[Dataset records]
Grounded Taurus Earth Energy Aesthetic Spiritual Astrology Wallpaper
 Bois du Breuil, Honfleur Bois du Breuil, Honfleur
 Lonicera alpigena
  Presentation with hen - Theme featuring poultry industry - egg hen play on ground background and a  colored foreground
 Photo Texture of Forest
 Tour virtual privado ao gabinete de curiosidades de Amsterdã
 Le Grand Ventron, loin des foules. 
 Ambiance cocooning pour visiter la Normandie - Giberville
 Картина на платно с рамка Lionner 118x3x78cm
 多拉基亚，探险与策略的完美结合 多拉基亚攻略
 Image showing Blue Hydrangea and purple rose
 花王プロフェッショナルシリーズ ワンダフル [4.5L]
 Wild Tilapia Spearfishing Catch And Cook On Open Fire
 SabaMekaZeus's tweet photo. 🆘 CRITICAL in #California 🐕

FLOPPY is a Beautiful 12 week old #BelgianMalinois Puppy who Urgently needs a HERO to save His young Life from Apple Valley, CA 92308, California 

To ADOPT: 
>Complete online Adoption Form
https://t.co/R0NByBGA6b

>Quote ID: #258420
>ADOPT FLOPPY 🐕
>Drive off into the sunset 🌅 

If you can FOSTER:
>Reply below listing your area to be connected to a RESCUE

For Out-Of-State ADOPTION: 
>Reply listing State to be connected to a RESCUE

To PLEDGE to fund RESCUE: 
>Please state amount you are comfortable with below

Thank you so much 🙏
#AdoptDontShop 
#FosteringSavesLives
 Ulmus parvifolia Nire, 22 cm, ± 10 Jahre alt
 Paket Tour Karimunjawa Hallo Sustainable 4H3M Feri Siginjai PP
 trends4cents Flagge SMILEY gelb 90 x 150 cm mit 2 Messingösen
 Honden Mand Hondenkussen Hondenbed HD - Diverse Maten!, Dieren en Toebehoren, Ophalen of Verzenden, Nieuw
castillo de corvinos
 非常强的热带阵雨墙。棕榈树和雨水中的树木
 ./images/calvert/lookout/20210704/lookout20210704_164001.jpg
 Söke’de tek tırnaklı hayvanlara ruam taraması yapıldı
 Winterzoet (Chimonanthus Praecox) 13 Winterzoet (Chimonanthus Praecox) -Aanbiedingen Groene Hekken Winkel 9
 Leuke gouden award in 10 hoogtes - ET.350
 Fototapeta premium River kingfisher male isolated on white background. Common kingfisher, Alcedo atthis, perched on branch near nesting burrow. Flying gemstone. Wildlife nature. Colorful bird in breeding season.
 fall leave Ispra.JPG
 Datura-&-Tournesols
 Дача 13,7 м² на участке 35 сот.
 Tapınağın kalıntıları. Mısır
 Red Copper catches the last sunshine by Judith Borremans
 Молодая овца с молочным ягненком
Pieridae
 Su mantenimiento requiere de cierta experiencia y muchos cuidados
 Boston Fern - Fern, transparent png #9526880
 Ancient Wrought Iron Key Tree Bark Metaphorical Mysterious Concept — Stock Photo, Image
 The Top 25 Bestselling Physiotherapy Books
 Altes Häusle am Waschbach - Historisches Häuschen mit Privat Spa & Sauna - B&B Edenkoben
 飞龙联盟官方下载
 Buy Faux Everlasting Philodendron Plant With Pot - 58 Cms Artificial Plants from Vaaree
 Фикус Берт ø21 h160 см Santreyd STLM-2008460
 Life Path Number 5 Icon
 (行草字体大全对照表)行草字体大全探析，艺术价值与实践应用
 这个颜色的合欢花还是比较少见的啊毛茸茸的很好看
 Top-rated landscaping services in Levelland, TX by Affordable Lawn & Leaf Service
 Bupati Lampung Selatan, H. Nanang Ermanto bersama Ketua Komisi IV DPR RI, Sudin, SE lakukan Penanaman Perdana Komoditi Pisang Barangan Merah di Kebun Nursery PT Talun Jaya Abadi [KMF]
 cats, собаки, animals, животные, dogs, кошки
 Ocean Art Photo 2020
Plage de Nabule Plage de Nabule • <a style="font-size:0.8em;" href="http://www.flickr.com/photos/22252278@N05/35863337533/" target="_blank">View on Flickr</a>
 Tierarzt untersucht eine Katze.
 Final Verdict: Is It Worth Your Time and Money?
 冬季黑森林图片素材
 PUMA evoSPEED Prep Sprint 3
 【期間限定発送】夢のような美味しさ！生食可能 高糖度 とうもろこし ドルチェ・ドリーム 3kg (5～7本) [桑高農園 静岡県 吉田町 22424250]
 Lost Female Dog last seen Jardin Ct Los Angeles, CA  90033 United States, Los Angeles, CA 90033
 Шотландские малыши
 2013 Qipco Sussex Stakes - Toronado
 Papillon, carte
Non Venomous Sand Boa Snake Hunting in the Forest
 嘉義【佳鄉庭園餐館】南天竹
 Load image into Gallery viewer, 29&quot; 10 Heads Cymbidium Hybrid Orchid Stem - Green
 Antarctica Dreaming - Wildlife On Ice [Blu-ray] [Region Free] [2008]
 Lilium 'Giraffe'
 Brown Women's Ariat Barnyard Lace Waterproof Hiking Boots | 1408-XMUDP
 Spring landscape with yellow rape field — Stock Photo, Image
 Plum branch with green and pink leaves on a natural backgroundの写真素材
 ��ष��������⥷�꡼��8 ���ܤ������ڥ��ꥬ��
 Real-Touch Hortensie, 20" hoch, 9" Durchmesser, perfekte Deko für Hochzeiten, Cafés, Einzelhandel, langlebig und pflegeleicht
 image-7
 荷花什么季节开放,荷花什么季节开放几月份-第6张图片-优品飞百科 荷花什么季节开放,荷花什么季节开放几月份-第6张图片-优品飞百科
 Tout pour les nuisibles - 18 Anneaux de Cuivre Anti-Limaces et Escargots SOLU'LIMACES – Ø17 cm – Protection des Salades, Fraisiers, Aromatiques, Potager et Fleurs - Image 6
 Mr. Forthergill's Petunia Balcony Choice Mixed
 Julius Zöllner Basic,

Exercise:
The full set of entries must be printed again without any alteration.

Solution:
Grounded Taurus Earth Energy Aesthetic Spiritual Astrology Wallpaper
 Bois du Breuil, Honfleur Bois du Breuil, Honfleur
 Lonicera alpigena
  Presentation with hen - Theme featuring poultry industry - egg hen play on ground background and a  colored foreground
 Photo Texture of Forest
 Tour virtual privado ao gabinete de curiosidades de Amsterdã
 Le Grand Ventron, loin des foules. 
 Ambiance cocooning pour visiter la Normandie - Giberville
 Картина на платно с рамка Lionner 118x3x78cm
 多拉基亚，探险与策略的完美结合 多拉基亚攻略
 Image showing Blue Hydrangea and purple rose
 花王プロフェッショナルシリーズ ワンダフル [4.5L]
 Wild Tilapia Spearfishing Catch And Cook On Open Fire
 SabaMekaZeus's tweet photo. 🆘 CRITICAL in #California 🐕

FLOPPY is a Beautiful 12 week old #BelgianMalinois Puppy who Urgently needs a HERO to save His young Life from Apple Valley, CA 92308, California 

To ADOPT: 
>Complete online Adoption Form
https://t.co/R0NByBGA6b

>Quote ID: #258420
>ADOPT FLOPPY 🐕
>Drive off into the sunset 🌅 

If you can FOSTER:
>Reply below listing your area to be connected to a RESCUE

For Out-Of-State ADOPTION: 
>Reply listing State to be connected to a RESCUE

To PLEDGE to fund RESCUE: 
>Please state amount you are comfortable with below

Thank you so much 🙏
#AdoptDontShop 
#FosteringSavesLives
 Ulmus parvifolia Nire, 22 cm, ± 10 Jahre alt
 Paket Tour Karimunjawa Hallo Sustainable 4H3M Feri Siginjai PP
 trends4cents Flagge SMILEY gelb 90 x 150 cm mit 2 Messingösen
 Honden Mand Hondenkussen Hondenbed HD - Diverse Maten!, Dieren en Toebehoren, Ophalen of Verzenden, Nieuw
castillo de corvinos
 非常强的热带阵雨墙。棕榈树和雨水中的树木
 ./images/calvert/lookout/20210704/lookout20210704_164001.jpg
 Söke’de tek tırnaklı hayvanlara ruam taraması yapıldı
 Winterzoet (Chimonanthus Praecox) 13 Winterzoet (Chimonanthus Praecox) -Aanbiedingen Groene Hekken Winkel 9
 Leuke gouden award in 10 hoogtes - ET.350
 Fototapeta premium River kingfisher male isolated on white background. Common kingfisher, Alcedo atthis, perched on branch near nesting burrow. Flying gemstone. Wildlife nature. Colorful bird in breeding season.
 fall leave Ispra.JPG
 Datura-&-Tournesols
 Дача 13,7 м² на участке 35 сот.
 Tapınağın kalıntıları. Mısır
 Red Copper catches the last sunshine by Judith Borremans
 Молодая овца с молочным ягненком
Pieridae
 Su mantenimiento requiere de cierta experiencia y muchos cuidados
 Boston Fern - Fern, transparent png #9526880
 Ancient Wrought Iron Key Tree Bark Metaphorical Mysterious Concept — Stock Photo, Image
 The Top 25 Bestselling Physiotherapy Books
 Altes Häusle am Waschbach - Historisches Häuschen mit Privat Spa & Sauna - B&B Edenkoben
 飞龙联盟官方下载
 Buy Faux Everlasting Philodendron Plant With Pot - 58 Cms Artificial Plants from Vaaree
 Фикус Берт ø21 h160 см Santreyd STLM-2008460
 Life Path Number 5 Icon
 (行草字体大全对照表)行草字体大全探析，艺术价值与实践应用
 这个颜色的合欢花还是比较少见的啊毛茸茸的很好看
 Top-rated landscaping services in Levelland, TX by Affordable Lawn & Leaf Service
 Bupati Lampung Selatan, H. Nanang Ermanto bersama Ketua Komisi IV DPR RI, Sudin, SE lakukan Penanaman Perdana Komoditi Pisang Barangan Merah di Kebun Nursery PT Talun Jaya Abadi [KMF]
 cats, собаки, animals, животные, dogs, кошки
 Ocean Art Photo 2020
Plage de Nabule Plage de Nabule • <a style="font-size:0.8em;" href="http://www.flickr.com/photos/22252278@N05/35863337533/" target="_blank">View on Flickr</a>
 Tierarzt untersucht eine Katze.
 Final Verdict: Is It Worth Your Time and Money?
 冬季黑森林图片素材
 PUMA evoSPEED Prep Sprint 3
 【期間限定発送】夢のような美味しさ！生食可能 高糖度 とうもろこし ドルチェ・ドリーム 3kg (5～7本) [桑高農園 静岡県 吉田町 22424250]
 Lost Female Dog last seen Jardin Ct Los Angeles, CA  90033 United States, Los Angeles, CA 90033
 Шотландские малыши
 2013 Qipco Sussex Stakes - Toronado
 Papillon, carte
Non Venomous Sand Boa Snake Hunting in the Forest
 嘉義【佳鄉庭園餐館】南天竹
 Load image into Gallery viewer, 29&quot; 10 Heads Cymbidium Hybrid Orchid Stem - Green
 Antarctica Dreaming - Wildlife On Ice [Blu-ray] [Region Free] [2008]
 Lilium 'Giraffe'
 Brown Women's Ariat Barnyard Lace Waterproof Hiking Boots | 1408-XMUDP
 Spring landscape with yellow rape field — Stock Photo, Image
 Plum branch with green and pink leaves on a natural backgroundの写真素材
 ��ष��������⥷�꡼��8 ���ܤ������ڥ��ꥬ��
 Real-Touch Hortensie, 20" hoch, 9" Durchmesser, perfekte Deko für Hochzeiten, Cafés, Einzelhandel, langlebig und pflegeleicht
 image-7
 荷花什么季节开放,荷花什么季节开放几月份-第6张图片-优品飞百科 荷花什么季节开放,荷花什么季节开放几月份-第6张图片-优品飞百科
 Tout pour les nuisibles - 18 Anneaux de Cuivre Anti-Limaces et Escargots SOLU'LIMACES – Ø17 cm – Protection des Salades, Fraisiers, Aromatiques, Potager et Fleurs - Image 6
 Mr. Forthergill's Petunia Balcony Choice Mixed
 Julius Zöllner Basic,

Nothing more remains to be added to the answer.